Collect book pages in the world (activate book cases and books on pedestals when you see them) then spend money to put the book together for an in game bonus (similar to bonuses from the tavern minigame). These will take time (and a lot of money) to unlock. One of the tavern minigame bonuses will increase the rate of finding pages and speed this up quite a bit. I had all the pages before I had enough money to unlock all the books.
The storage building increases your personal storage as well as the cap on resources, so upgrading that early is worth while.
Map Locations and Resource Gathering
Now that you have a good idea of how you want to build up your village, it's time to start doing the hard work. You will need to spend food to "explore" the map and remove the fog of war. Then travel to and clear the discovered map locations.
Each location has a finite amount of resources which you can collect once that location is cleared. You don't know what resource each location has until you visit it, but you don't have to clear the location. Once you visit it the resources should show up when you click on the map location in the map. Also, traveling from location to location doesn't seem to consume food, just exploring the map.
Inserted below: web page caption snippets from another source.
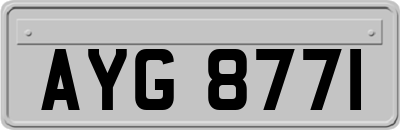 AYG8771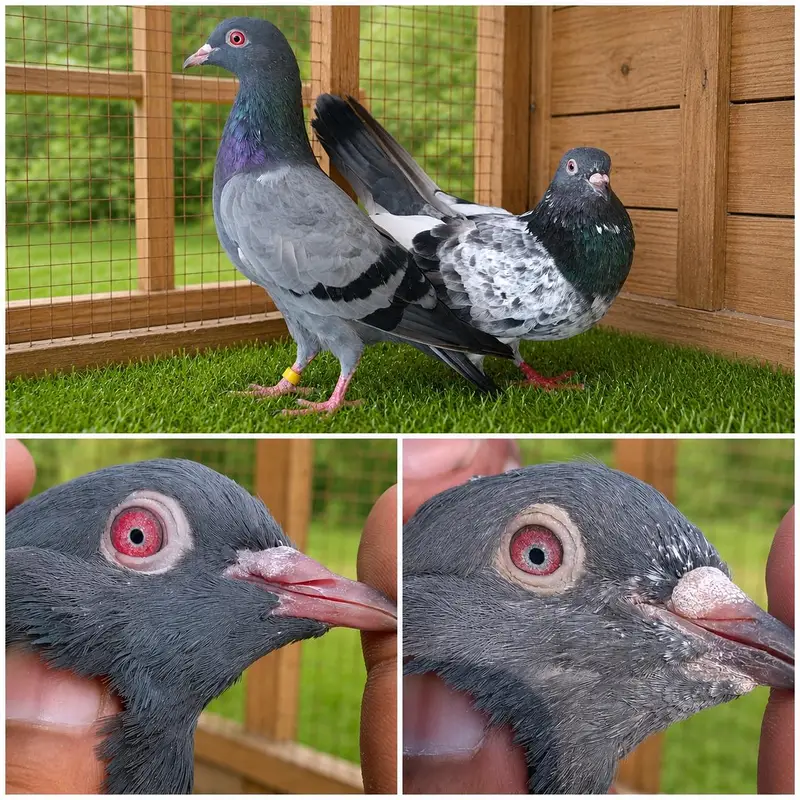 high flyer pigeon Whatsapp 03290705204 — photo 2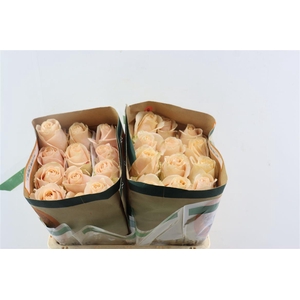 R Gr Perl Avalanche?+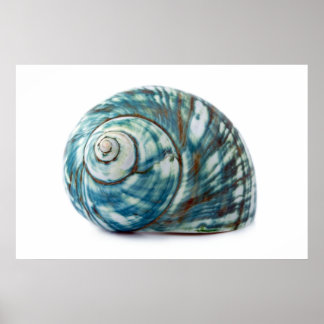 Poster Blue Zee Shell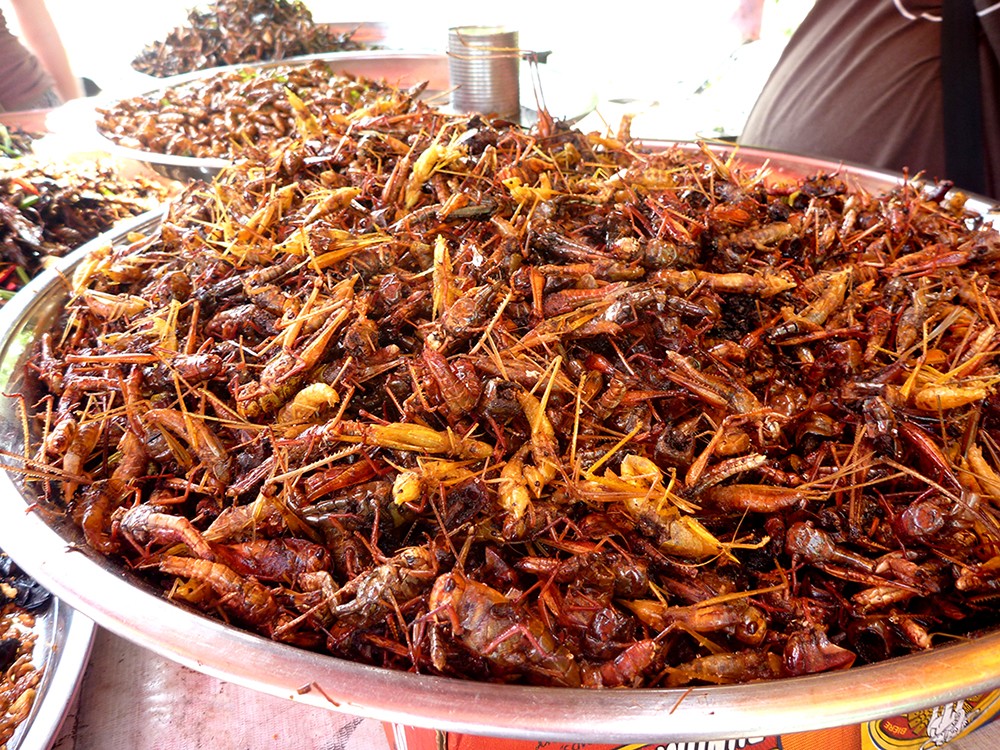 Fried Grasshoppers, Food in Cambodia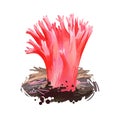 Ramaria araiospora or red coral mushroom closeup digital art illustration. Pink boletus that grows on corals in sea or Royalty Free Stock Photo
Once you've unlocked a map location with available resources, you need to transport them to your village. On the bottom left of your map screen is an icon that opens up the menu for designating workers to move goods to your village. Assign them as you see fit. Remember to check this every once in a while.
You gain workers by doing quests to clear map locations and by freeing dwarfs from cages in various map locations. I'm going to give you some counter intuitive advice. Don't free every dwarf you see in a cage! By mid game you will have plenty of resources and your village unlocks maxed out. Any idle dwarfs will just hang out in you village map and make it hard to see merchants and other NPCs you want to interact with. I recommend freeing dwarfs until you have maybe 10 available workers, then getting the rest from quests. You should have plenty.
Character Leveling and Combat
The leveling system is pretty straight forward so I won't go into a lot of detail here. I'd say split your base stats evenly as they benefit all play styles.
Perks are very playstyle dependent, however some branches benefit everyone. I would rate their importance from Quick Attacks, Defense, Power Attacks and finally Thrown.
- Prioritize unlocking the Unblockable Quick attack ASAP (never get blocked by enemy shields).
- Get the Defensive (shield) passive ability that halves your chance of getting an injury. It will save you a lot of visits to the doctor or first aid uses.
- Unlock the ground slam Power Attack.
- Unlock all of the passive Quick Attack abilities that don't require another special attack type (large square).
I only used throwing attacks to take out barricades when I needed to stay out of range of an archer. It's not very useful against moving targets. So you can probably get away with getting the initial ability that unlocks throwing and ignore this branch of perks if you want.
My combat tactic was generally to just get close to enemies and repeatedly jump and attack in no particular order. It required very little finesse and avoided a great deal of damage. Thus I never really worried about blocking.
Upgrading the equipment you wear is a big part of the game's progression system and will make you incredibly powerful.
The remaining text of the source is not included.